- Activity
Given the records below, would you repeat exactly the lines that begin at the one containing "Azazie Mei Bridesmaid" and end at the one containing "Curved Pearl Dangle", inclusive?

- Source data

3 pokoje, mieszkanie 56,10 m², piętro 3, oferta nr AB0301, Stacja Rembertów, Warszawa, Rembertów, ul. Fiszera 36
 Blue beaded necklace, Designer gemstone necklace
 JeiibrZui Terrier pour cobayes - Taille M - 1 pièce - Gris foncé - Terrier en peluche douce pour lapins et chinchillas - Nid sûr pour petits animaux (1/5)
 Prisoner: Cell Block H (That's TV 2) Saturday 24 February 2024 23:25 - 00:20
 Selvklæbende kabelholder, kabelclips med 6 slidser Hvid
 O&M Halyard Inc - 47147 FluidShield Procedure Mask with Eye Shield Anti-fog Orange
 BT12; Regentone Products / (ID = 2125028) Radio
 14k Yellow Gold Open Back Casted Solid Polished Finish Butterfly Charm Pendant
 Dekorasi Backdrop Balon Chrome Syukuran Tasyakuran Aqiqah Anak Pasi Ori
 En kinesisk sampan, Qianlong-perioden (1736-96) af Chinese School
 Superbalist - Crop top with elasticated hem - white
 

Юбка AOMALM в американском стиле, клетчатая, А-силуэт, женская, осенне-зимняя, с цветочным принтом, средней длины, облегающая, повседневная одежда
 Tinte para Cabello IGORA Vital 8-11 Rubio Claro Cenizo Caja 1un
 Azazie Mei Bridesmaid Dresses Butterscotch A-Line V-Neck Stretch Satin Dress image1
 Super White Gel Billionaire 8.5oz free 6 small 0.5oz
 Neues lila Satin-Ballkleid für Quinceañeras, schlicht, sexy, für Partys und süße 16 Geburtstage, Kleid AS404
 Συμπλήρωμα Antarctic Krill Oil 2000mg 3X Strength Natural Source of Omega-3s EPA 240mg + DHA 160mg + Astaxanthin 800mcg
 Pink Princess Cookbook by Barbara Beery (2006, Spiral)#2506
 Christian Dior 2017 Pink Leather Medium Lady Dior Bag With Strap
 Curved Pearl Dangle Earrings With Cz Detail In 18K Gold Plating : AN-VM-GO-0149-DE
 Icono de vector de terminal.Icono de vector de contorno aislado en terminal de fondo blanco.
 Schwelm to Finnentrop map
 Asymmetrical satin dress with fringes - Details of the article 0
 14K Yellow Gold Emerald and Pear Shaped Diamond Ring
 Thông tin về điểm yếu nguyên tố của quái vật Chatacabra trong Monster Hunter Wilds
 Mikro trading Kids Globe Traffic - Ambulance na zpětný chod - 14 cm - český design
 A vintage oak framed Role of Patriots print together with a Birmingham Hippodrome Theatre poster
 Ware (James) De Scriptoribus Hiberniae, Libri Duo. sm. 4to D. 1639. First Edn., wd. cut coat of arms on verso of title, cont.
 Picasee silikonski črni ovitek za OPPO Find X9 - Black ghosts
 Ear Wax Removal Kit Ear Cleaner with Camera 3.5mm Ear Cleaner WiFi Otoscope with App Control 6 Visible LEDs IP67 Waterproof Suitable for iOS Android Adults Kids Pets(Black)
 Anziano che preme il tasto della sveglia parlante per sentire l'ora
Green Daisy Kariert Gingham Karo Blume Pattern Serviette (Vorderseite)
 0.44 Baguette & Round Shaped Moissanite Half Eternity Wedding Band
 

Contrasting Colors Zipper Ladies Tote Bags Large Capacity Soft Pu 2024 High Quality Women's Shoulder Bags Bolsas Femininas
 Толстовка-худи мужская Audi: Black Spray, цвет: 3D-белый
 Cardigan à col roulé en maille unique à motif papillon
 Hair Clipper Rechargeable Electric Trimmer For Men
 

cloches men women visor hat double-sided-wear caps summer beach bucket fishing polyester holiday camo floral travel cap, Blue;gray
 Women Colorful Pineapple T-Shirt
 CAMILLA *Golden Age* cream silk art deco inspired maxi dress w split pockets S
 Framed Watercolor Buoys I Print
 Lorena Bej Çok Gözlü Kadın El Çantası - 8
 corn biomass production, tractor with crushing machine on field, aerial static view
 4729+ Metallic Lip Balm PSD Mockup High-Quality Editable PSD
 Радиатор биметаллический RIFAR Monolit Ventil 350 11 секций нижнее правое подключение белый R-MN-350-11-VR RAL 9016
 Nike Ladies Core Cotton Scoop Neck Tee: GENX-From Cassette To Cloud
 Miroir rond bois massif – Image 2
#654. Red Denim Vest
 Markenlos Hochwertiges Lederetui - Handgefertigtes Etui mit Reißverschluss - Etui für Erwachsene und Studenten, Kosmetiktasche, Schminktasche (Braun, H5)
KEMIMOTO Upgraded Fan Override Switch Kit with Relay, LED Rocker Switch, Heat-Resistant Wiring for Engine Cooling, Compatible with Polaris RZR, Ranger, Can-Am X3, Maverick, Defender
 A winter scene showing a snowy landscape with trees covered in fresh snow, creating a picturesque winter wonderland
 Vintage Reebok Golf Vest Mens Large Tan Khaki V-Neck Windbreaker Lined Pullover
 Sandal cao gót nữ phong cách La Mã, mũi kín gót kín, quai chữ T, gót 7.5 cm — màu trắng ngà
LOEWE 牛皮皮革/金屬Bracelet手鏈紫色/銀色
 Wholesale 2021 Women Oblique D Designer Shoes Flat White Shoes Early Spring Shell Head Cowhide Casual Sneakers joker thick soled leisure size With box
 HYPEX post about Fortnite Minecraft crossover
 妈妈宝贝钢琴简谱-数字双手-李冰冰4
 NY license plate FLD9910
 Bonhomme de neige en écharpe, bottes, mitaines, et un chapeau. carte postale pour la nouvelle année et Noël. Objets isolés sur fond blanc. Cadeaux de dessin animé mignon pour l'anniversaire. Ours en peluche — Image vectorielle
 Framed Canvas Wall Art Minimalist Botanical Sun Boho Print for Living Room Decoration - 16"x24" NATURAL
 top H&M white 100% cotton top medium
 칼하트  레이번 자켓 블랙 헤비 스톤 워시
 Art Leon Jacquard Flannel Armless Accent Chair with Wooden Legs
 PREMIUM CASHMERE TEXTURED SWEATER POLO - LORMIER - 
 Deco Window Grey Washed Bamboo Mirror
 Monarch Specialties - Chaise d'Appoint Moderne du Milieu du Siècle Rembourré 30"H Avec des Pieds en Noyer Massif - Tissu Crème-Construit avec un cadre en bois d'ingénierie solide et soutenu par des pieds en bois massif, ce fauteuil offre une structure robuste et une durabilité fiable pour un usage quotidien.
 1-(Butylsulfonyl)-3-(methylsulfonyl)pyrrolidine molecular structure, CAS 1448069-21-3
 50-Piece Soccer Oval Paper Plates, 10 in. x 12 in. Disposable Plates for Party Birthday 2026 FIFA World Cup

- Solution to this problem
 Azazie Mei Bridesmaid Dresses Butterscotch A-Line V-Neck Stretch Satin Dress image1
 Super White Gel Billionaire 8.5oz free 6 small 0.5oz
 Neues lila Satin-Ballkleid für Quinceañeras, schlicht, sexy, für Partys und süße 16 Geburtstage, Kleid AS404
 Συμπλήρωμα Antarctic Krill Oil 2000mg 3X Strength Natural Source of Omega-3s EPA 240mg + DHA 160mg + Astaxanthin 800mcg
 Pink Princess Cookbook by Barbara Beery (2006, Spiral)#2506
 Christian Dior 2017 Pink Leather Medium Lady Dior Bag With Strap
 Curved Pearl Dangle Earrings With Cz Detail In 18K Gold Plating : AN-VM-GO-0149-DE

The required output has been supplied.